_Assigned task:_ Please reproduce all the data exactly as written and omit the pictures.

_Data segment:_
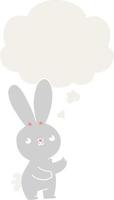 cute cartoon rabbit and thought bubble in retro style vector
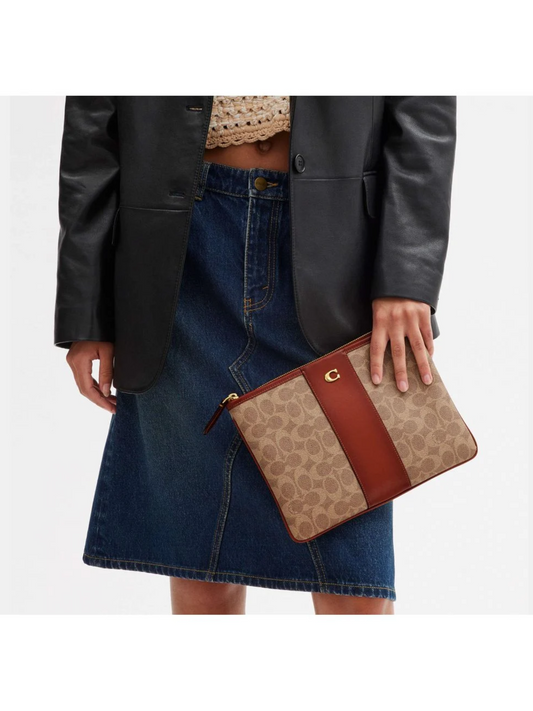 on-model-Coach-Essential-Pouch-28-In-Signature-Canvas-Tan-Rust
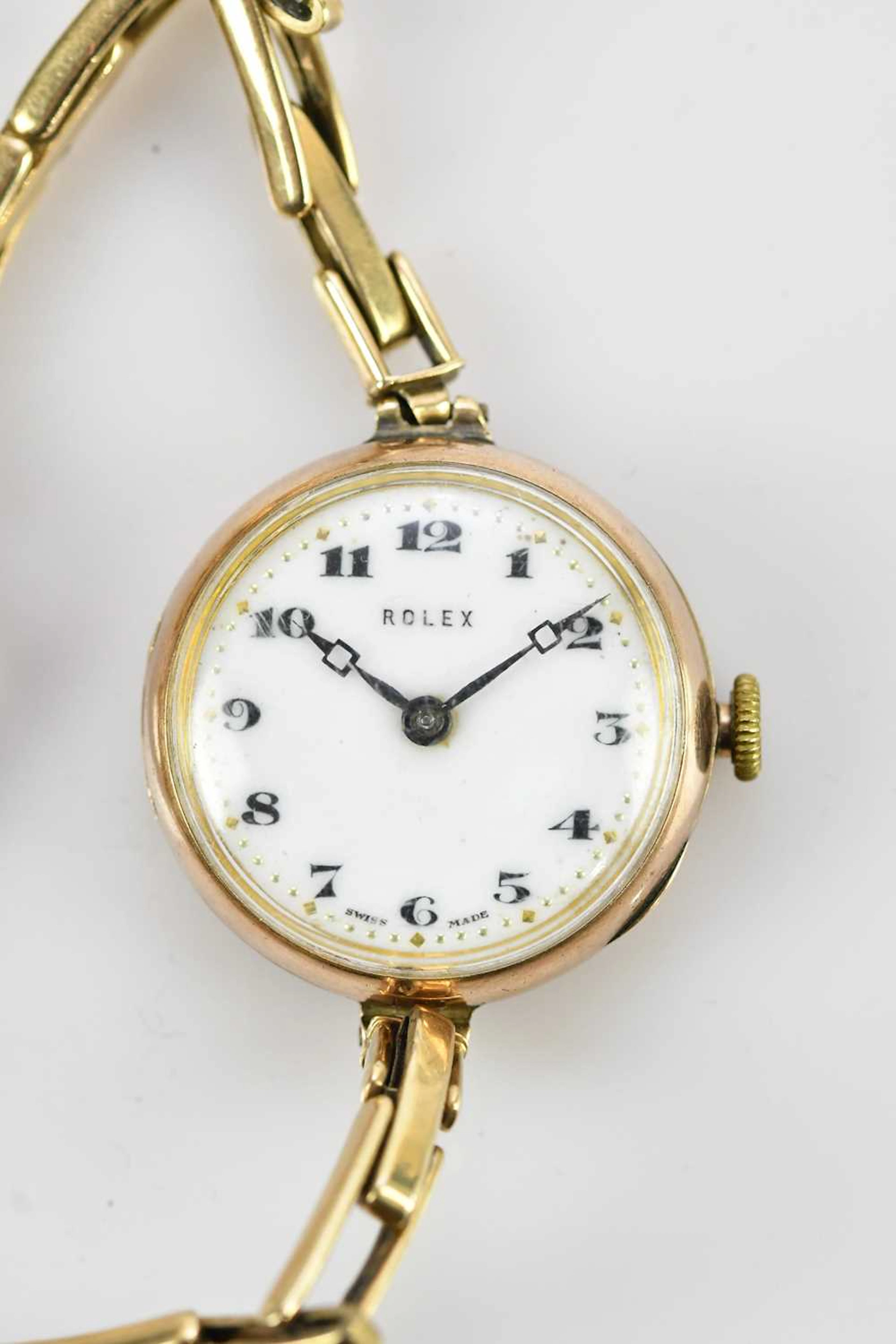 ROLEX; an Art Deco lady's yellow gold watch marked 375...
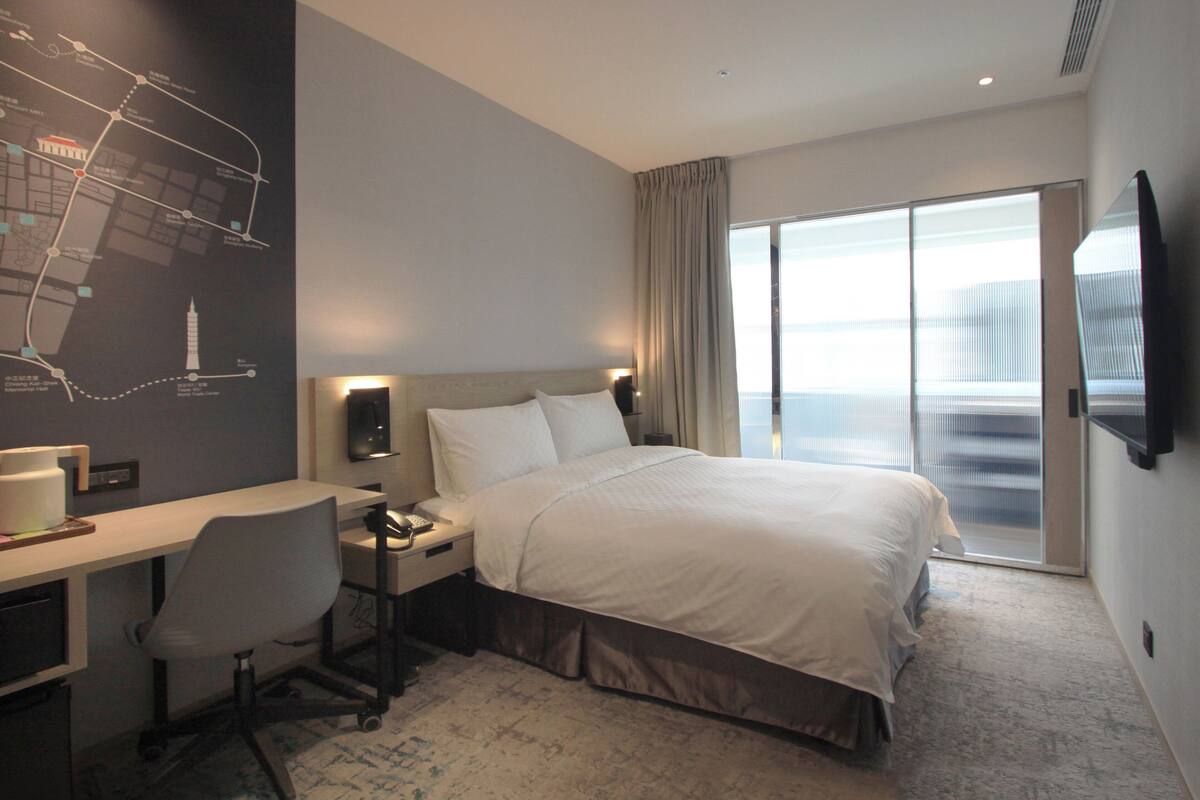 A hotel room with a bed, desk, chair, and a large window.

_Task answer:_
 cute cartoon rabbit and thought bubble in retro style vector
 on-model-Coach-Essential-Pouch-28-In-Signature-Canvas-Tan-Rust
 ROLEX; an Art Deco lady's yellow gold watch marked 375...
 A hotel room with a bed, desk, chair, and a large window.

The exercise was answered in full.